__WHAT NEEDS TO BE DONE__
Line by line, restate the material word for word, omitting any image.

__DATA BELOW__
————
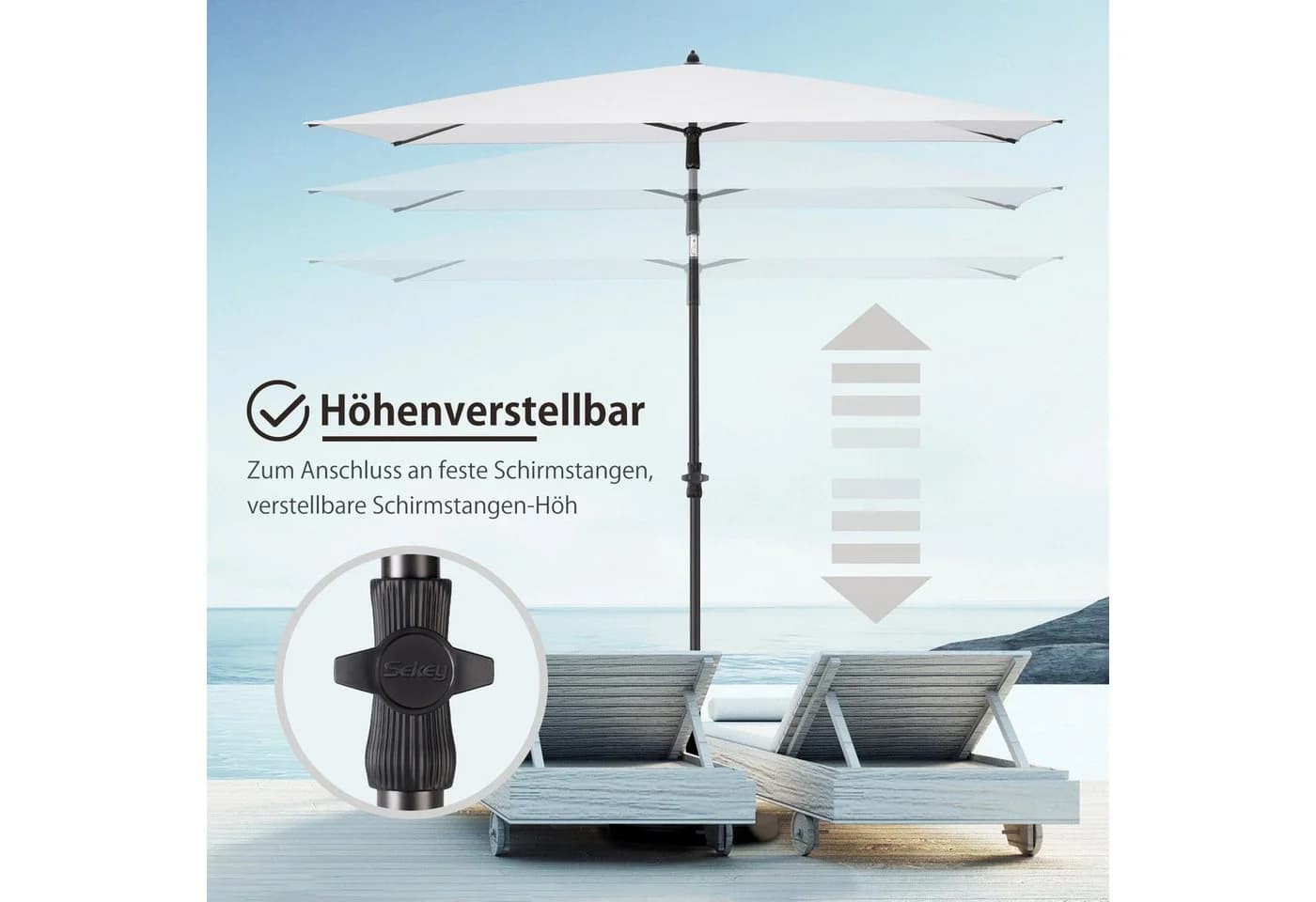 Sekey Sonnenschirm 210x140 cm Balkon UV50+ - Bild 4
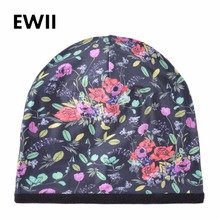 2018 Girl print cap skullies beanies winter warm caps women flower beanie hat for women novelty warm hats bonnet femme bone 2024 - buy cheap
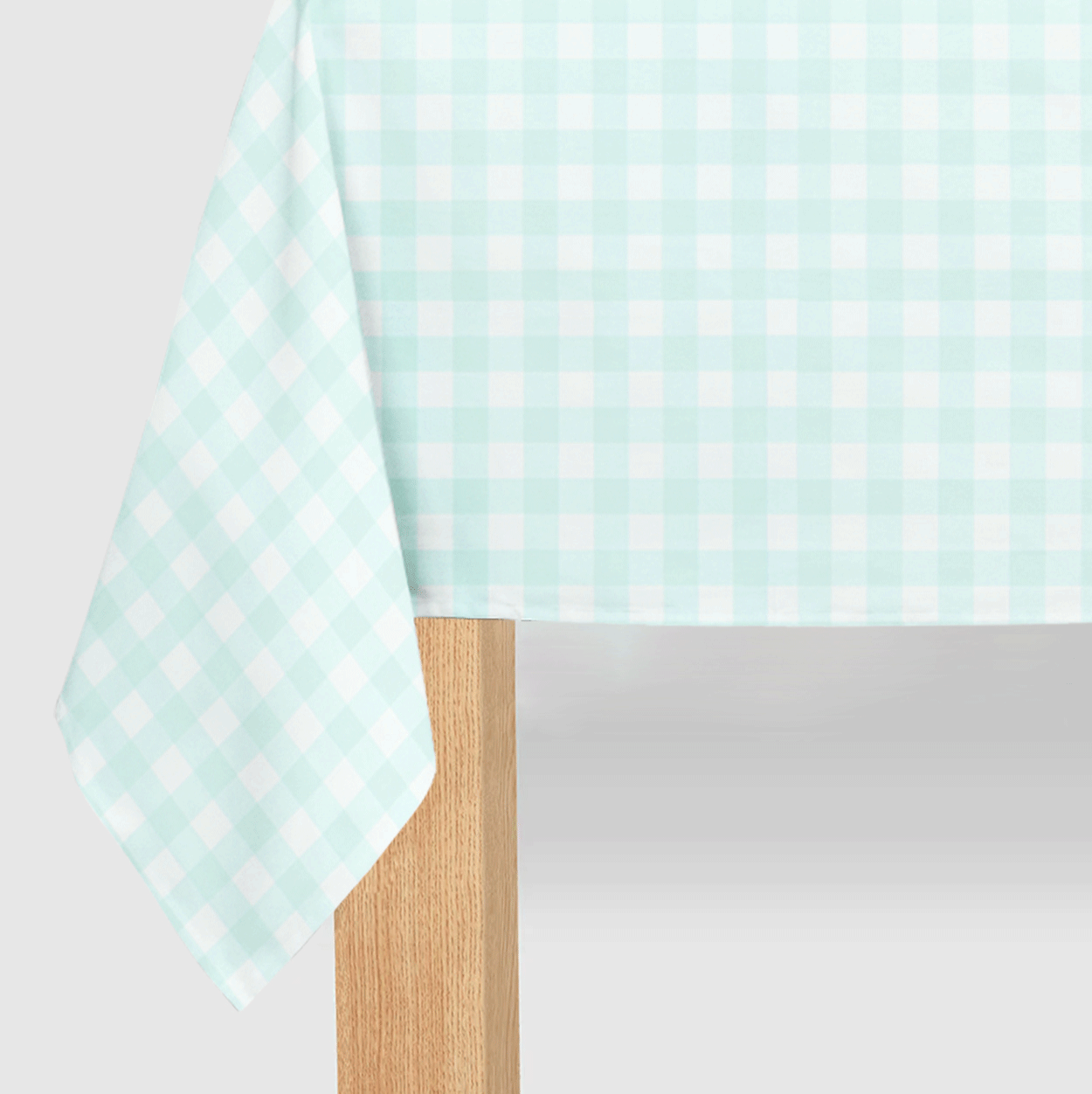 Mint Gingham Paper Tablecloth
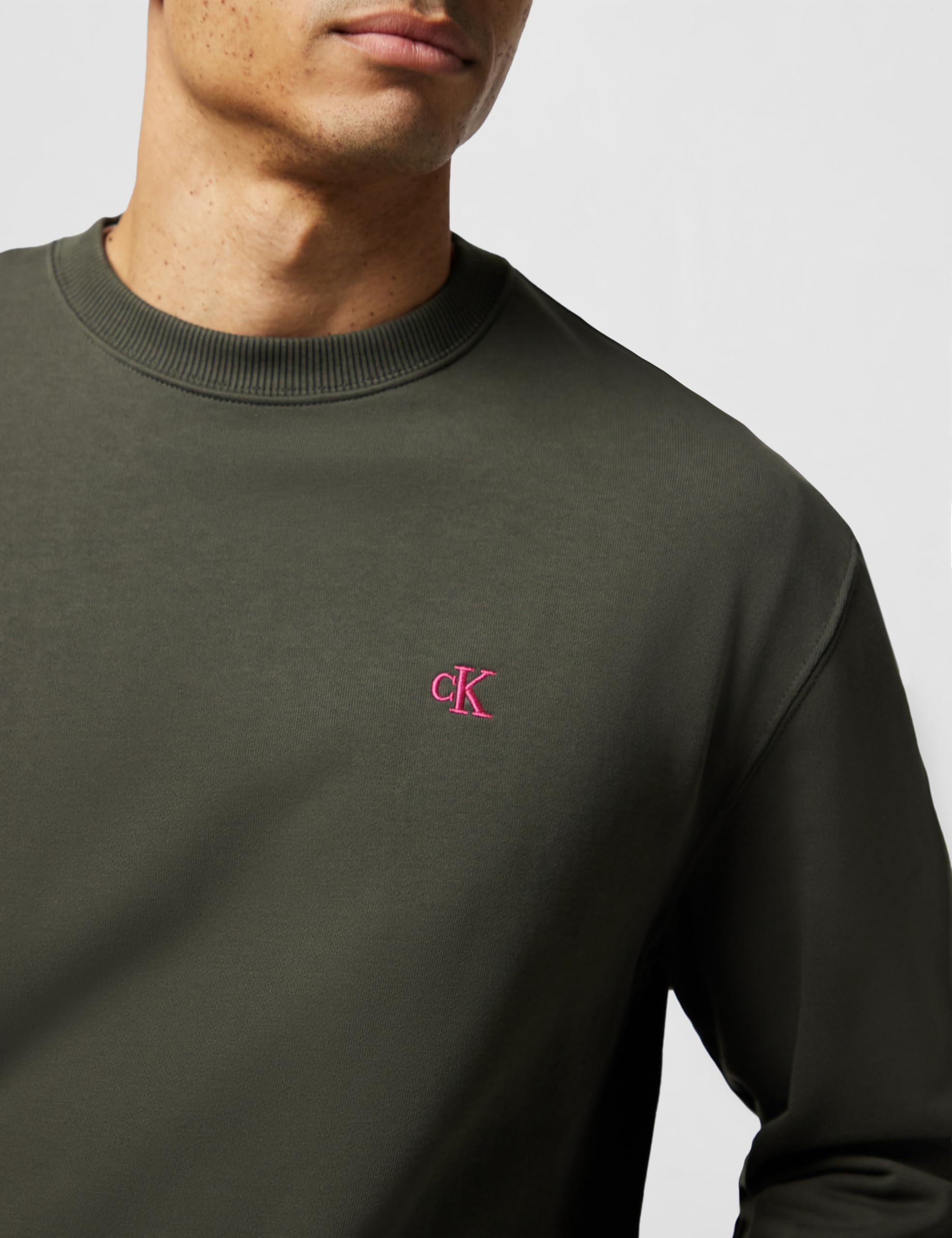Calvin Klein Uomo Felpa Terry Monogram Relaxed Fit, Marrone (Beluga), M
————
__SOLUTION__
 Sekey Sonnenschirm 210x140 cm Balkon UV50+ - Bild 4
 2018 Girl print cap skullies beanies winter warm caps women flower beanie hat for women novelty warm hats bonnet femme bone 2024 - buy cheap
 Mint Gingham Paper Tablecloth
Calvin Klein Uomo Felpa Terry Monogram Relaxed Fit, Marrone (Beluga), M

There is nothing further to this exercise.